実物の絵を見ると、広い額の部分へのハイライトがより強く感じられ、指で感じた触覚が彼の頭に浮かんでいるように見える構図になっている。
また、その表情は明らかではないが哲学者のような味わいをもっている。同時期に描かれた同じリベーラの《アルキメデス》を彷彿とさせる。

人生経験を感じさせる、節くれだった手。
見るほどに、まさに彼が感じている触覚がわれわれにも反射されてくるようだ。
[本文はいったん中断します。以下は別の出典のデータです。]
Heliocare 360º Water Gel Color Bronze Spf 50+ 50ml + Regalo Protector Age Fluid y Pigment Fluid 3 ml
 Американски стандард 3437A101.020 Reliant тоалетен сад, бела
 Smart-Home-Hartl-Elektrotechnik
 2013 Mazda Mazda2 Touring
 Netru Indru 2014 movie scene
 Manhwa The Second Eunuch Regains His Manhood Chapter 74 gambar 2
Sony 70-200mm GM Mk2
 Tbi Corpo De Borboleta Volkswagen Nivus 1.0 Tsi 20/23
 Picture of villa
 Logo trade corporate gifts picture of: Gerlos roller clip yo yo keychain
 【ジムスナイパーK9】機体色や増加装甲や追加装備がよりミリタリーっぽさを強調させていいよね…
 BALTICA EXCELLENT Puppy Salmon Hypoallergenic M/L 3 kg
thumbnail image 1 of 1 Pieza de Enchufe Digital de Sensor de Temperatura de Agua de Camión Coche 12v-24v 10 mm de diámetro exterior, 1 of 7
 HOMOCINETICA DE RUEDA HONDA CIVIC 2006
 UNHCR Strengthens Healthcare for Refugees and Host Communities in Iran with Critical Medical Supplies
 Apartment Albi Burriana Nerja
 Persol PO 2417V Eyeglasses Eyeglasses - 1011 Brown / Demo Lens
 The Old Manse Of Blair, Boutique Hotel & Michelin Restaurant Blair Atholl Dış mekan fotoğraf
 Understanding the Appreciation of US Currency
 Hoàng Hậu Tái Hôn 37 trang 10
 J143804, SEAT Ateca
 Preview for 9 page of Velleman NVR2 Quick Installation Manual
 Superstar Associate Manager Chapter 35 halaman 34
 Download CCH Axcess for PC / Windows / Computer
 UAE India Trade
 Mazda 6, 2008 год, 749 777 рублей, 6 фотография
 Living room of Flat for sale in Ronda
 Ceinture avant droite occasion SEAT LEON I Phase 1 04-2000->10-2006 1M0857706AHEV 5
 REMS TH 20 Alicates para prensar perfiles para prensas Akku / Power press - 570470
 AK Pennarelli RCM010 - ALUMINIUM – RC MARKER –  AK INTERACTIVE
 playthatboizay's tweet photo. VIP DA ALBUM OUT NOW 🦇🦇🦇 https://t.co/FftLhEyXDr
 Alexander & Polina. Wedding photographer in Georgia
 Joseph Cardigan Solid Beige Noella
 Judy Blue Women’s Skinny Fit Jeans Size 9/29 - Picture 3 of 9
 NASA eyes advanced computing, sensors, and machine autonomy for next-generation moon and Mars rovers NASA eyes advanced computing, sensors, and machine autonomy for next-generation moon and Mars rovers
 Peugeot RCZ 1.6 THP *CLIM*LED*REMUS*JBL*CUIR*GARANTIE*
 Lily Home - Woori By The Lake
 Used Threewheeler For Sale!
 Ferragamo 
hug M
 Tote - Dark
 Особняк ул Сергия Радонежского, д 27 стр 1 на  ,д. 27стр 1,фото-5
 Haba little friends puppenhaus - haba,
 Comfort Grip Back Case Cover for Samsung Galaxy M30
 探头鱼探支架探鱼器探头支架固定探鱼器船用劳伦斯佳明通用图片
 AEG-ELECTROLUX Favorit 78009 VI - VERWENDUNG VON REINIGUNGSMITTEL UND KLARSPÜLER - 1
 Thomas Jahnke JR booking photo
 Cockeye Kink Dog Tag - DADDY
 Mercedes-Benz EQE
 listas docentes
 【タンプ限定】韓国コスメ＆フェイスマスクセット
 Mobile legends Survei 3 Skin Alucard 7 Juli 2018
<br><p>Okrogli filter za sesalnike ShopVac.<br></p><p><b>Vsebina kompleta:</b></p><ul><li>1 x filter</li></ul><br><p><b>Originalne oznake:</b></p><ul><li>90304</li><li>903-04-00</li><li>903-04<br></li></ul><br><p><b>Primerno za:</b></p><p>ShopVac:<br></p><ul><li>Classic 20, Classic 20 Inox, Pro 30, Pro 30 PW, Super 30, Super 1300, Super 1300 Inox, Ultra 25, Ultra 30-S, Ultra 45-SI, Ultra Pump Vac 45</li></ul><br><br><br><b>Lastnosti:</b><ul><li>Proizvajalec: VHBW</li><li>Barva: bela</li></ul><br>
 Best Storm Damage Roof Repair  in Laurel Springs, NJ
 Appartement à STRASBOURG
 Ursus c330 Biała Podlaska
彫像の髪の表現の凹凸、額の部分のゆるやかな曲線、おとがいやもみあげなど。

スポットライトは、先に見た彫刻家の額と彼の指先に当たっており、触ったものが彼の年季の入った想像力で再構成されているようすが見事に表現されている。

テーブルの上にある、同じ彫像のものと思われる絵。

これは、視覚の優越を示しているものであるともいわれ、この彫刻家が見ることができないものであるという意味で努力の虚しさに対する皮肉を示している、または盲目の彫刻家の哀しみを表現しているとも言われる。

ただ、思うにこれはどちらかというとまさにこの盲目の彫刻家の頭のなかで構成されている想像上の絵ではなかろうか。
頸を触り、唇を触り、鼻を触り、そしていま額から頭頂部を想像力で捉えようとしているのではないか。
根拠はないがそのように感じられる。